The Washington Sign in the Delaware County Historical Society collection measures 65 inches high and 42 inches wide. Woodside is believed to have copied the image from a popular engraving taken from a 1790 portrait of George Washington by Edward Savage.
The sign hung outside the President Tavern in Edgmont, where La Locanda Ristorante Italiano now stands, from 1849 to 1923.
The tavern itself is thought to have been established in 1806 when James Jefferies stated he “hath rented the house which Joseph Griffith hath erected at the intersection of the West Chester and Providence Road, in said township.” For a short while, Jesse Cheyney changed its name to “The George Washington” before it was renamed “The President” again in 1815.
Cedar walls inside the structure are believed to have been the foundation of Griffith log house from 1798. Some years ago, during alterations to the old kitchen, the proprietor found two large portraits painted directly onto the plaster walls.
When the President Tavern was sold at a public auction in 1923, Delaware County Historical Society member Edgar Howard Pierce purchased the sign.
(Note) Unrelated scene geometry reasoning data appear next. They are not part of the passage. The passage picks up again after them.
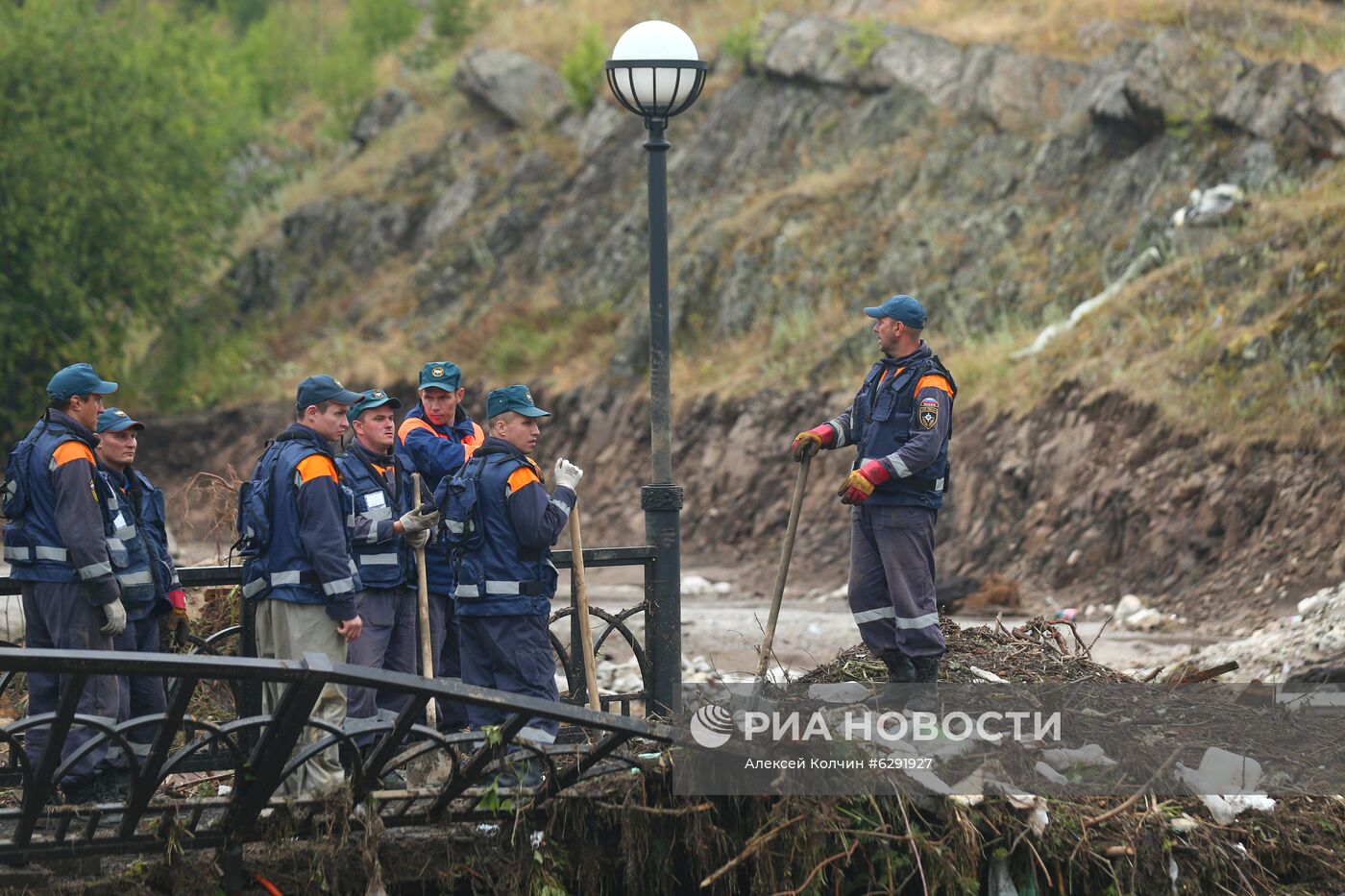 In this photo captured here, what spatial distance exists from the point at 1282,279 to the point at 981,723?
1133cm

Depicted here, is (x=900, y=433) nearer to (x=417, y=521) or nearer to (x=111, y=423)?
(x=417, y=521)

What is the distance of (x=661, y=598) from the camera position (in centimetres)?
769

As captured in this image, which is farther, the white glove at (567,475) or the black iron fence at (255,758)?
the white glove at (567,475)

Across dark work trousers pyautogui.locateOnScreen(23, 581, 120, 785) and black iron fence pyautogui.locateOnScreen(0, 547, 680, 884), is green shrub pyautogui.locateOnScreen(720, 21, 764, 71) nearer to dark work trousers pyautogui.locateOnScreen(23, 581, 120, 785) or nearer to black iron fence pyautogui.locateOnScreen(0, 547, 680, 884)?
black iron fence pyautogui.locateOnScreen(0, 547, 680, 884)

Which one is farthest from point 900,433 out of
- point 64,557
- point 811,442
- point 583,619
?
point 64,557

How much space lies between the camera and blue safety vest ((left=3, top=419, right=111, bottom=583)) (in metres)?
6.40

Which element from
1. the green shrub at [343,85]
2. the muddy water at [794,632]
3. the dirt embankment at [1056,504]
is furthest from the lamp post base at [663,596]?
the green shrub at [343,85]

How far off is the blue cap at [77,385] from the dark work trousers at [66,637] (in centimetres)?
84

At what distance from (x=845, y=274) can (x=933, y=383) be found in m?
15.5

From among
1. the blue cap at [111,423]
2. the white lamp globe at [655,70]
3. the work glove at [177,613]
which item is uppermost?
the white lamp globe at [655,70]

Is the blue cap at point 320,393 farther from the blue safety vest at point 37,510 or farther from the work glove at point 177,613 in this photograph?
the work glove at point 177,613

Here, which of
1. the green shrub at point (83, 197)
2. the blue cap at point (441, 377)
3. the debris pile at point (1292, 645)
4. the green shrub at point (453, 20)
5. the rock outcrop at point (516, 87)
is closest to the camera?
the blue cap at point (441, 377)

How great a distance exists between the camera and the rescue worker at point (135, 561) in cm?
662

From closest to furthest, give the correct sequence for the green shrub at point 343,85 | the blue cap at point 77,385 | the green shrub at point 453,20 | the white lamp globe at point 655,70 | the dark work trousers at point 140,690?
the blue cap at point 77,385, the dark work trousers at point 140,690, the white lamp globe at point 655,70, the green shrub at point 343,85, the green shrub at point 453,20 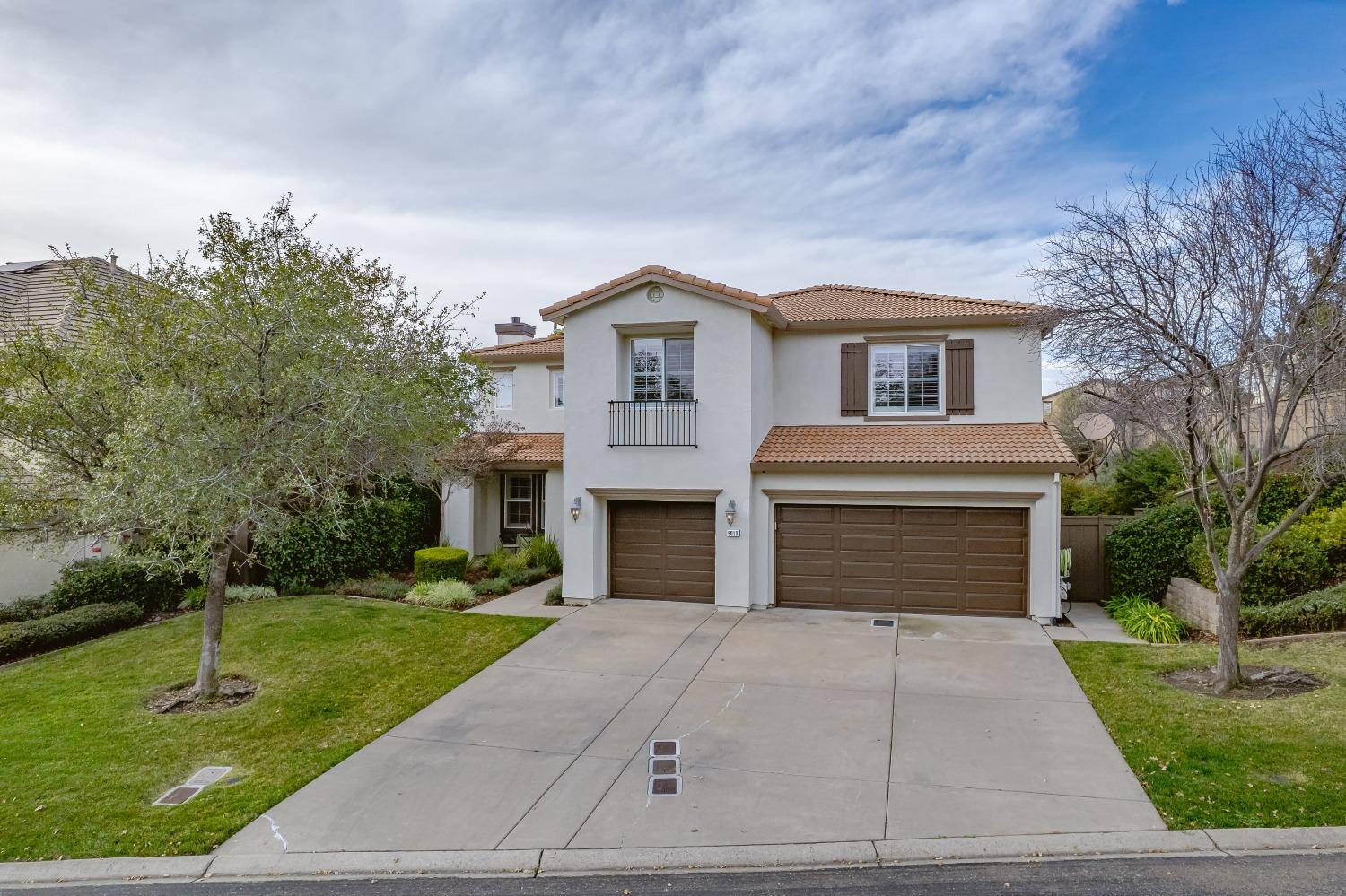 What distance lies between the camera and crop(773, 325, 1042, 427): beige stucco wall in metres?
14.2

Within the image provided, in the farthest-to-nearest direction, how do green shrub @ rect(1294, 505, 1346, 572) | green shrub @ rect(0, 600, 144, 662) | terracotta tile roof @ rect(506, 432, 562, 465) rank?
terracotta tile roof @ rect(506, 432, 562, 465)
green shrub @ rect(1294, 505, 1346, 572)
green shrub @ rect(0, 600, 144, 662)

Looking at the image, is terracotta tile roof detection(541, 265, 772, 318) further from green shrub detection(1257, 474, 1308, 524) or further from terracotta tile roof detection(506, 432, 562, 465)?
green shrub detection(1257, 474, 1308, 524)

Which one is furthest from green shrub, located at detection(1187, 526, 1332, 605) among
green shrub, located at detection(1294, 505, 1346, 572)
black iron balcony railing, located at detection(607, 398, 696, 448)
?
black iron balcony railing, located at detection(607, 398, 696, 448)

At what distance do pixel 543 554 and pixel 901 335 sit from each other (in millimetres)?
9150

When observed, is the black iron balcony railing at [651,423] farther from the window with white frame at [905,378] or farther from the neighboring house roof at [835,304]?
the window with white frame at [905,378]

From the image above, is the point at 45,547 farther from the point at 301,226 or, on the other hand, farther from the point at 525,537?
the point at 525,537

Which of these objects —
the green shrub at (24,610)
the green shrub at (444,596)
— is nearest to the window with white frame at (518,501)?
the green shrub at (444,596)

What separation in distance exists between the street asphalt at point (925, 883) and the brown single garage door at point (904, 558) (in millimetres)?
7947

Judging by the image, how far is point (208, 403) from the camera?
26.4 ft

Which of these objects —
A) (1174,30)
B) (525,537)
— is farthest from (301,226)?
(1174,30)

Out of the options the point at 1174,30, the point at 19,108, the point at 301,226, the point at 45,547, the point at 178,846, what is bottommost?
the point at 178,846

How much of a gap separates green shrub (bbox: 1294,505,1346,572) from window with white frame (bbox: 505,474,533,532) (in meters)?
15.9

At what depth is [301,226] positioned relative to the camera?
958cm

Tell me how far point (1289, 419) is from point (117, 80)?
15.9 meters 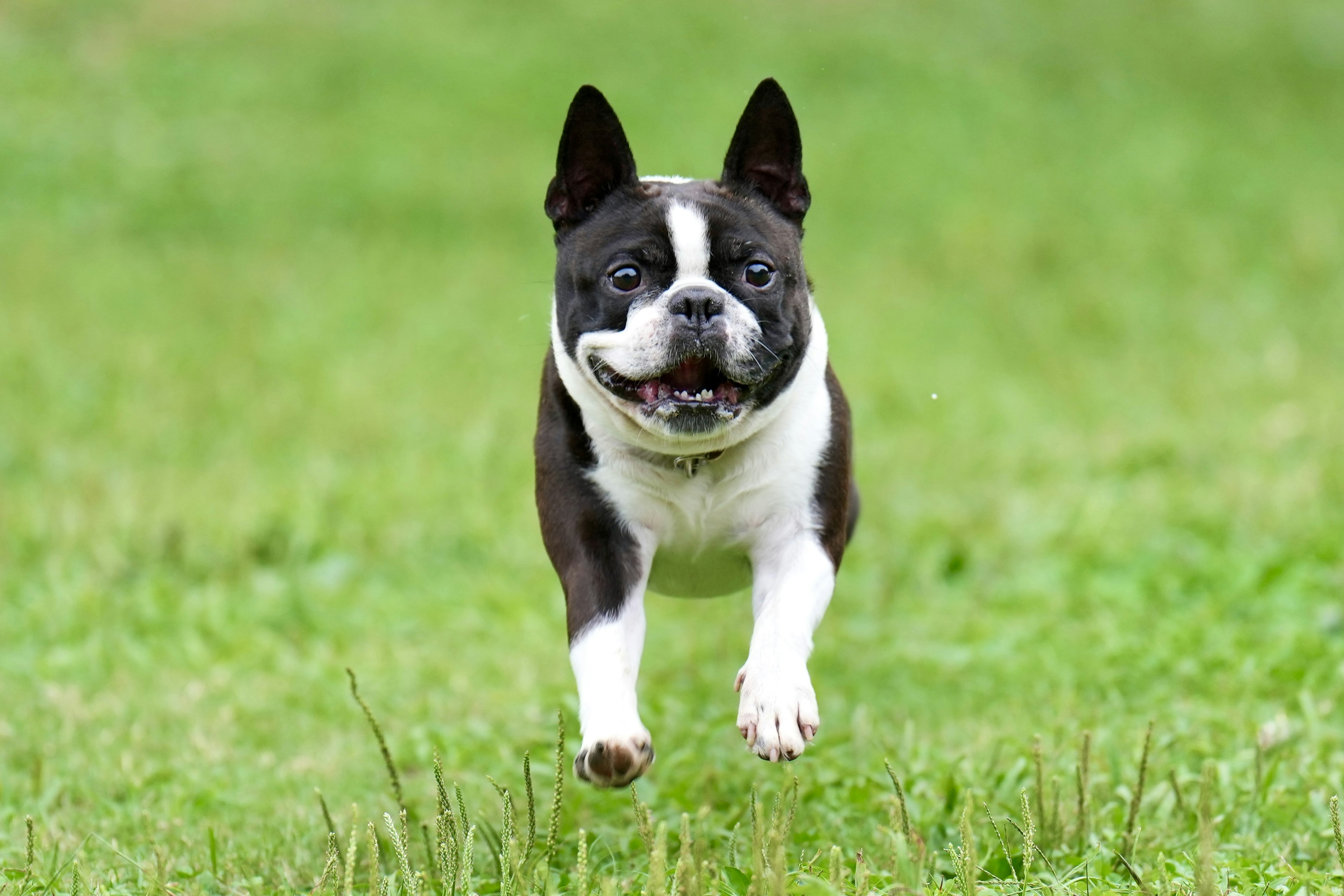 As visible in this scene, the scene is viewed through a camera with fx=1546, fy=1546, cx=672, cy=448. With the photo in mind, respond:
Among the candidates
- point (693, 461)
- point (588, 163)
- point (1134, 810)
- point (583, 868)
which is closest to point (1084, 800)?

Ten months later, he donated it to the historical society.
In 2008, the society contracted painting conservator Fred Koszewnik, who restored portraits at the Philadelphia Museum of Art and the Swarthmore College’s Benjamin West paintings, to remove the airborne soot and grime and apply a protective matte surface to the piece. He also inapinted areas where some surface scrapes were.
Of the Washington sign, Koszewnik said, “A tavern sign in this exceptional condition, with Washington the subject matter and painted by John Archibald Woodside, would be a welcome addition to any major collection of American art.”
The piece is now on display in the Delaware County Historical Society’s Museum and Research Library at 408 Avenue of the States in Chester, 9 a.m. to 4 p.m. Wednesday and Friday, 1 to 6:30 p.m. Thursday and 9 a.m. to 2 p.m. Saturday. The museum’s telephone number is 610-872-0502. Parking is free on the museum lot behind the building or across the street in the municipal lot.